2 juin 2021

Temps de lecture : 3 min

Fantask, une dose de pop culture tous les semestres

La revue culte Fantask, qui vient de renaître en format mook chez Dargaud, explore tous les ressorts de la culture pop. Ses codes sont devenus l’apanage de la production culturelle et reflètent plus que jamais les tensions et les attentes de notre époque.

Le numéro 1 de Fantask pourrait presque être un numéro 8 du Fantask « ancienne manière » ! La revue de bande dessinée qui avait fait connaître au public français les séries de Marvel Comics (Les 4 Fantastiques, Spider-Man ou Le surfeur d’argent) a débuté une nouvelle vie le 28 mai 2021 en tant que mook semestriel, sous l’impulsion du groupe Dargaud. Et cela après 30 ans d’absence puisque le mensuel lancé en 1969 n’avait publié que sept numéros avant de tomber sous les fourches caudines de la Commission de surveillance et de contrôle des publications destinées à l’enfance et à l’adolescence, qui l’accusait ni plus ni moins de heurter la sensibilité juvénile. Parmi les griefs justifiant la censure : cette revue « nocive » présentait « une science-fiction terrifiante » et des « combats traumatisants » à travers des récits « au climat angoissant » et des dessins aux couleurs « violentes ». « Aujourd’hui, les couleurs violentes et pop sont devenues l’apanage de la production culturelle, tout comme les récits au climat angoissants. Les combats traumatisants sont le b.a.-ba des dessins animés, la science-fiction est partout dans les mangas, en bande-dessinée, au cinéma et à la télévision… Je me suis demandé comment le monde avait pu changer à ce point en si peu de temps, comment la culture pop avait muté pour devenir aussi dominante », explique Rodolphe Lachat, son directeur de la publication. C’est dire si, pour ce lecteur de longue date de comics, qui a déjà fondé chez Dargaud le label Huginn & Muninn dédié à la culture Geek et cherchait depuis longtemps à lancer un titre sur la culture pop, il était plus que temps de relancer Fantask !
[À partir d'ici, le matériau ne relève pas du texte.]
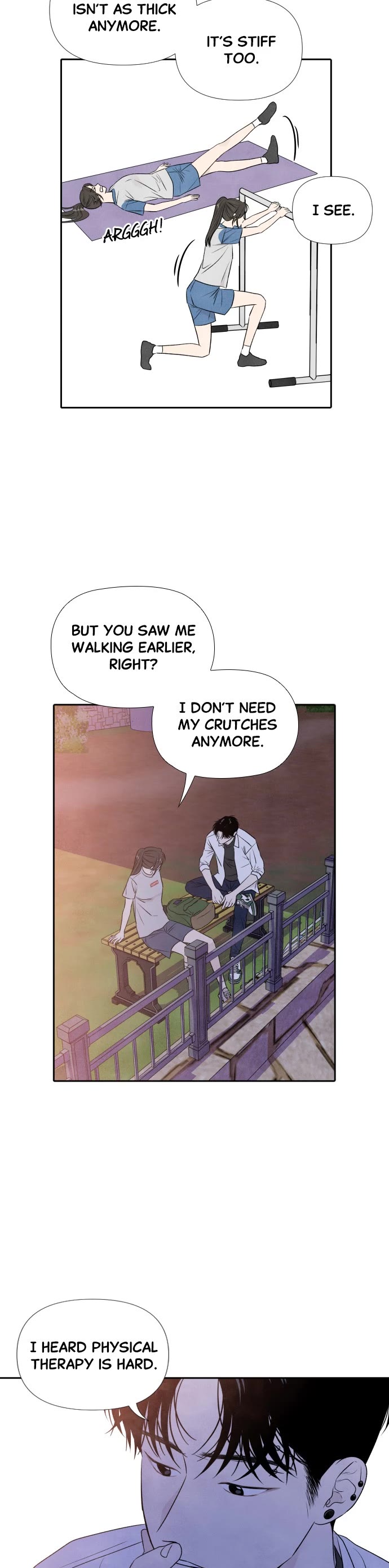 My Reason to Die Chapter 20 page 4 - Chapter 20: Episode 20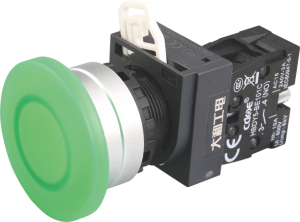 HBDY5-KW-/△/M系列喷漆塑料头部按钮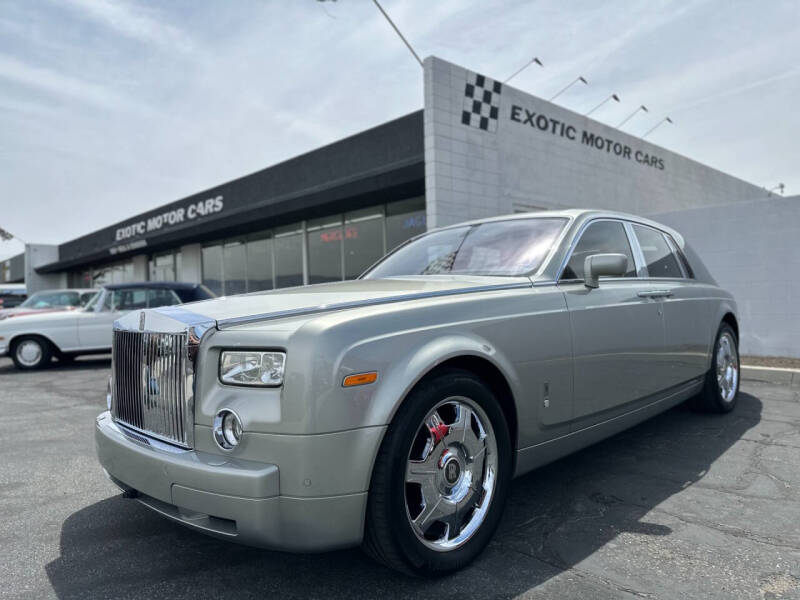 2006 Rolls-Royce Phantom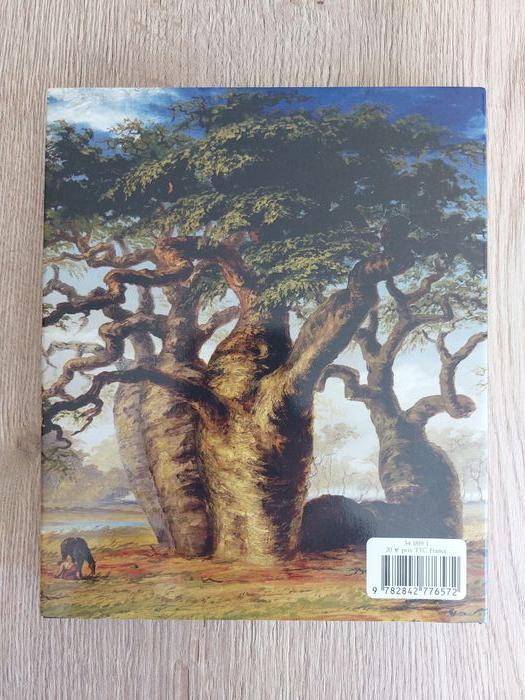 Livre "Baobabs" Thomas Pakenham - photo numéro 2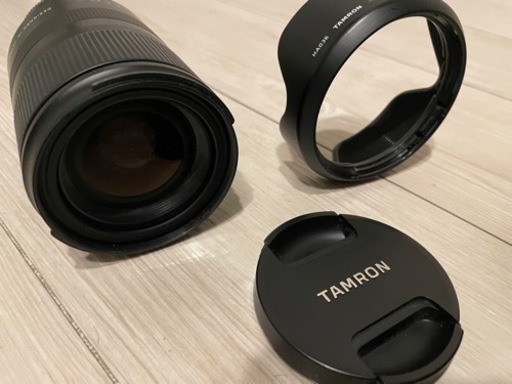 タムロン 28-75 mm f/2.8 di iii rxd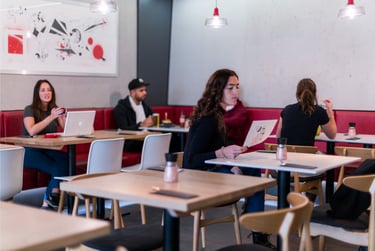 Kings Cross Student Halls, Canal Reach, London, N1C 4BD - Image 9
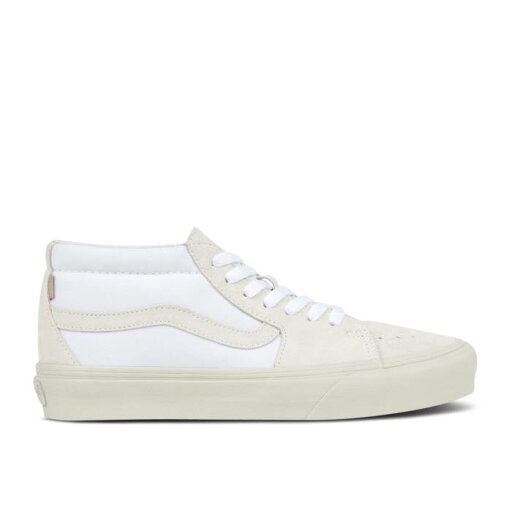 ヴァンズ Vans 【 Jjjjound X Sk8-Mid Vlt Lx 'Hospitality' Men True White 】 靴 メンズ靴 スニーカー メンズ 白色 ホワイト ヴァンズ Vans 【 Jjjjound X Sk8-Mid Vlt Lx 'Hospitality' Men True White 】 靴 メンズ靴 スニーカー メンズ 白色 ホワイト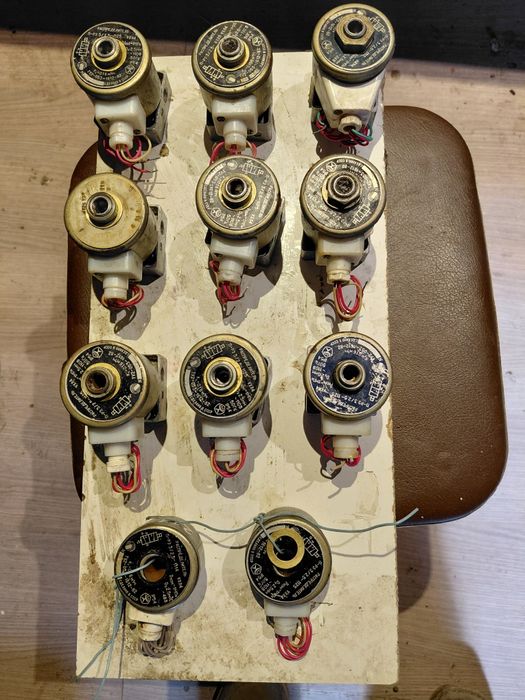 Клапан повітряний, 24 V/ 10W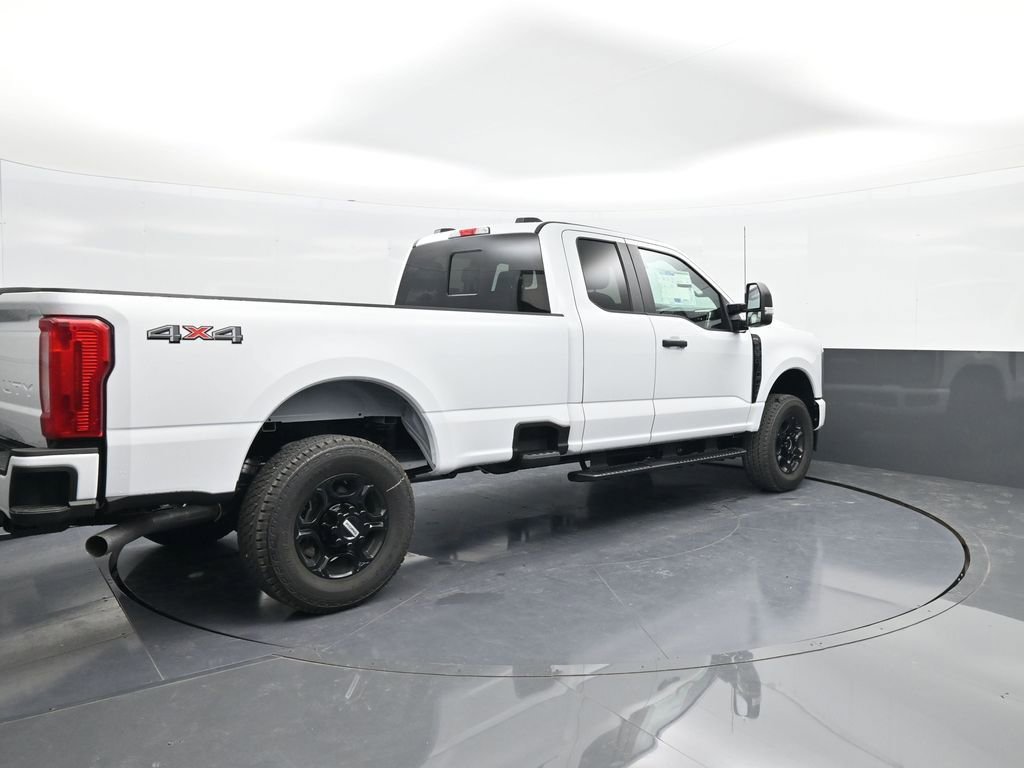 New 2026 Ford F350 XL w/ STX Appearance Package image 8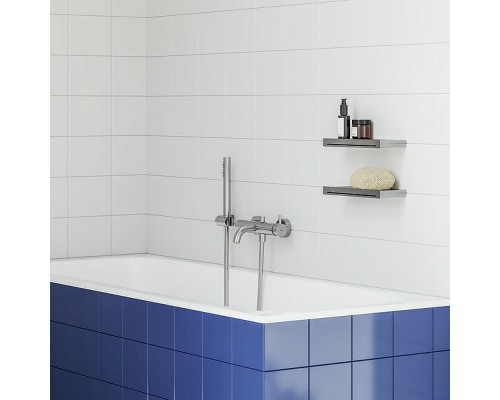 Смеситель для ванны Ravak Espirit ES 022.00CR X070199 Хром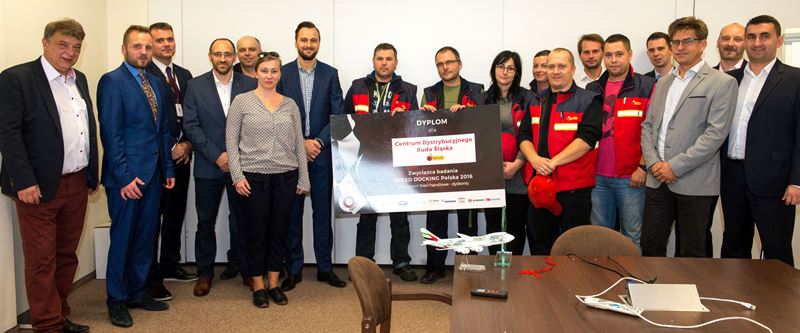 Speed Docking 2016_Ruda Śląska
Des thématiques fortes, voire clivantes

Dans sa nouvelle version, le mook aborde un thème unique en lien avec la culture pop à travers différentes approches sociologiques, philosophiques, littéraires, théologiques… Le soin particulier apporté à toutes les expressions artistiques et au graphisme rappelle à quel point la culture pop est aussi une culture de l’image. Le premier numéro est dédié à nos fascinations pour le mal. « Nous avons voulu explorer pourquoi notre société a besoin de se faire peur et pourquoi les figures du mal sont partout, parfois jusqu’à les rendre sexy ou en faire des parfaits rôles à Oscars. Certaines représentations continuent de faire scandale comme le clip du rappeur Lil Nas X, qui se met en scène en train de faire une lap-dance avec le diable », détaille-t-il. Fantask a logiquement convoqué le diable – figure crainte et idolâtrée – comme invité d’honneur de son numéro un. Et décrypte aussi la manière dont le 3e Reich est sans cesse sollicité dans la production culturelle. « Les Nazis sont reconnus comme la plus grande incarnation du mal sur Terre. Pourtant, cette période continue de fasciner le 7e Art et a même fait l’objet d’une bande-dessinée américaine Hipster Hitler ahurissante », poursuit-il. Le numéro se clôt sur une troisième incarnation du mal autour des serial killers, qu’ils soient bien réels (comme Charles Manson ou Ted Bundy) ou des « anti héros » de fiction tels que Hannibal ou Le Joker. Le numéro 2 sera un peu plus léger (quoique) puisqu’il s’intéressera à la vie sexuelle des héros de BD (Superman, Tintin…) sous le titre « Le derrière de la pop ». Le troisième devrait ensuite s’intéresser « aux relations un peu ambigües entre la pop culture et le complotisme ».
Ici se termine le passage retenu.